When dealing with existential climate risks, Schellnhuber has pointed to the limitations of methods that focus on risk and probability analyses that often exclude the outlier (lower-probability, high-impact) events and possibilities:
Experts tend to establish a peer world-view which becomes ever more rigid and focussed. Yet the crucial insights regarding the issue in question may lurk at the fringes. This is particularly true when the issue is the very survival of our civilisation, where conventional means of analysis may become useless.
 He has pointed to a “probability obsession” in which scientists have tried to capture the complex, stochastic behaviour of an object by repeating the same experiment on that object many, many times:
“We must never forget that we are in a unique situation with no precise historic analogue. The level of greenhouse gases in the atmosphere is now greater, and the Earth warmer, than human beings have ever experienced. And there are almost eight billion of us now living on this planet. So calculating probabilities makes little sense in the most critical instances, such as the methane-release dynamics in thawing permafrost areas or the potential failing of entire states in the climate crisis. Rather, we should identify possibilities, that is, potential developments in the planetary make-up that are consistent with the…conditions, the processes and the drivers we know.”

Kevin Anderson of the University of Manchester says there is “an endemic bias prevalent amongst many of those building emission scenarios to underplay the scale of the 2°C challenge. In several respects, the modelling community is actually self-censoring its research to conform to the dominant political and economic paradigm”.

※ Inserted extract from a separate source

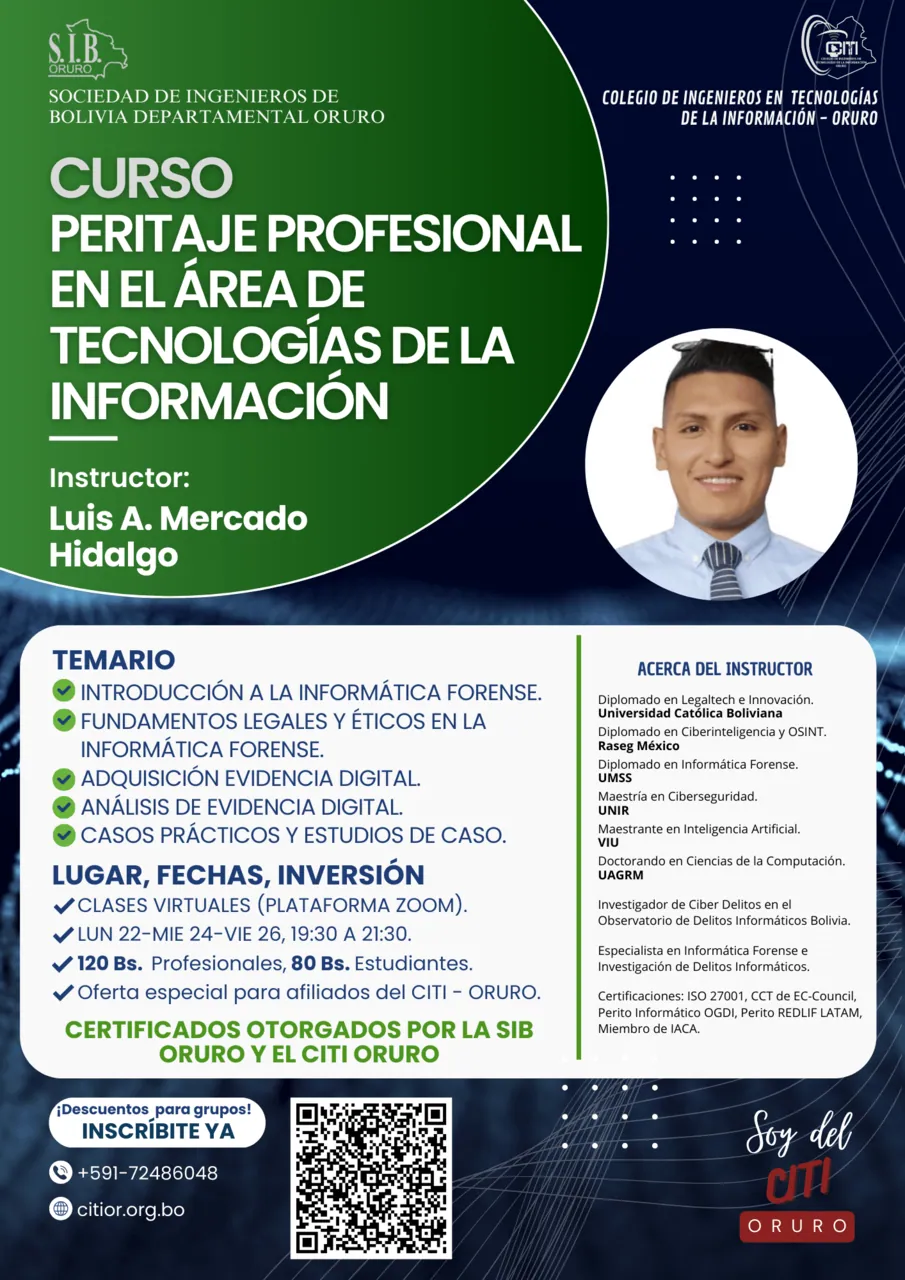 CURSO DE PERITAJE PROFESIONAL EN TI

A good example is the 1.5°C goal agreed to at the Paris December 2015 climate-policy conference. IPCC assessment reports until that time (and in conformity with the dominant policy paradigm) had not devoted any significant attention to 1.5°C emission-reduction scenarios or 1.5°C impacts, and the Paris delegates had to request the IPCC to do so as a matter of urgency. This is a clear case of the policy tail wagging the science-research dog.